# Scientific Computing

## 01.01 Scientific Computing

Given mathematical relationship $y = f(x)$, do one of the following:
* evaluate
    * given input $x$, then compute output $y$
* solve
    * find an input $x$ that produces output $y$
* optimize
    * find an input $x$ that produces an extreme value (max or min) $y$

---

How to analyze a numerical solution:
* discrete vs. continuous
* linear vs. nonlinear
* finite or infinite dimensional
* purely algebraic or via derivatives or via integrals

---

**General Approach** Replace a difficult problem by an easier one having the same or closely related solution.

## 01.02 Approximations

Sources of approximations.
* Before computation.
    * modelling
    * measurements
    * inherited from previous computations used as input
* During computation.
    * truncation / discretization
    * rounding

---

Measuring error.
* **absolute error** = approximate value - true value
* **relative error** = absolute error / true value

---

Types of error.

$
\begin{aligned}
\text{total error} &= \hat{f}(\hat{x}) - f(x) \\
&= \text{computational error} + \text{propagated data error} \\
\\
\text{computational error} &= \hat{f}(\hat{x}) - f(\hat{x}) \\
\text{propagated data error} &= f(\hat{x}) - f(x) \\
\end{aligned}
$

where
* $\hat{f}(\hat{x})$ approximate function with approximate input
* $f(x)$ true function with true input
* $f(\hat{x})$ true function with approximate input


The *computational error* is difference in result obtained using approximate function and true function.

The *propagated data error* is difference in result obtained using approximate input and true input.

---

Types of computational error.

* truncation error
    * difference between true result and result using exact arithmetic
        * source: mathematical approximations such as truncating series or discrete approximations
* rounding error
    * difference between result of approximate function using exact arithmetic and using limited precision
        * source: inexact representation of real numbers and arithmetic

In practice, usually **one** of these dominates.
   * truncation error dominates in continuous problems
   * rounding error dominates in algebraic problems

---

## 01.03 Forward and Backward Error

Forward Error: $\Delta{y} = \hat{y} - y$

Backward Error: $\Delta{x} = \hat{x} - x$

where
* $\hat{y}$ is the computed result
* $y$ is the true result
* $\hat{x}$ is the approximate input
* $x$ is the true input

In practice, **backward error** is easier to compute than **forward error**.

---

## 01.04 Conditioning, Stability, and Accuracy

A problem is **well-posed** if solution:
* exists
* unique
* depends continuously on problem data

A problem is **ill-conditioned** if relative change in solution can be much larger than input data.
* The term **sensitivity** refers to how ill-conditioned a problem is.

---

#### Condition Number

The condition number relates backward error to the forward error.

$$
|\text{relative forward error}| = \text{cond} \times |\text{relative backward error}|
$$

More formally.

$
\begin{aligned}
\text{cond} &= \frac{|[f(\hat{x}) - f(x)] / f(x)|}{|(\hat{x} - x) / x|} \\
&= \frac{|\Delta{y} / y|}{|\Delta{x} / x|} \\
&= \frac{|x f'(x)|}{|f(x)|}
\end{aligned}
$

where
* *cond* is the condition number
* $f(\hat{x})$ is the true function with approximate input
* $f(x)$ is the true function with true input
* $\hat{x}$ is the approximate input
* $x$ is the true input

A problem is **ill-conditioned** when $\text{cond} >> 1$
* The problem is **ill-conditioned** when the relative change in the output is much larger than input.
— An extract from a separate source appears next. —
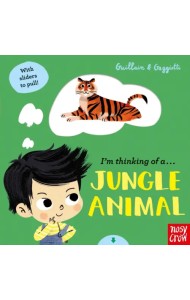 I'm Thinking of a Jungle Animal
Condition number of inverse of $f$ is reciprocal of the condition number of $f$.

$
\text{cond}(f^{-1}) = \frac{1}{\text{cond}(f)}
$

---

**Stability** is analogous to conditioning, but in context of *computational error*.
* Computational error refers to effect on the result computed by an algorithm.
* In contrast, conditioning refers to the effects of data error on solution to problem.
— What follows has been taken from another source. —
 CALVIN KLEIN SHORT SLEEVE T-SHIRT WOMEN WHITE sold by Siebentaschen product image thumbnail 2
In terms of error analysis, we say an algorithm is stable when the solution produced has relatively small backward error.

---

**Accuracy** is the closeness of the computed solution to true solution and depends on:
* conditioning of problem
* stability of algorithm


| Algorithm Stability | Problem Conditioning | Result | 
| ------------------- | -------------------- | ------ |
| stable | well-conditioned | accurate |
| stable | ill-conditioned | not accurate |
| unstable | well-conditioned | not accurate |
| unstable | ill-conditioned | not accurate |

---

## 01.05 Floating-Point Numbers

#### Representation

Components of a floating point number system $\mathbb{F}$:
* $\beta$ base or radix
* $p$ precision
* $[L, U]$ lower and upper exponent

The floating point number $x \in \mathbb{F}$ has the form:

$
x = \pm \left( d_0 + \frac{d_1}{\beta} + \frac{d_2}{\beta^2} + ... + \frac{d_{p-1}}{\beta^{p-1}} \right) \beta^{E}
$

where
* $d_i$ is an integer $0 \leq d_i \leq \beta - 1, \qquad i=0,...,p-1$
* $E$ is an integer $L \leq E \leq U$

The **mantissa**, m, refers to the parenthesized expression:

$
m = \displaystyle \sum_{i=0}^{p - 1} \left( \frac{d_i}{\beta^i} \right)
$

The mantissa is **normalized** when $1 \leq m \lt \beta$.  This provides the following benefits:
* Makes each number unique.
* Eliminates any leading zeros, maximizing available precision. 

The **exponent** field, $E = U - L + 1$, determines range of representable magnitudes.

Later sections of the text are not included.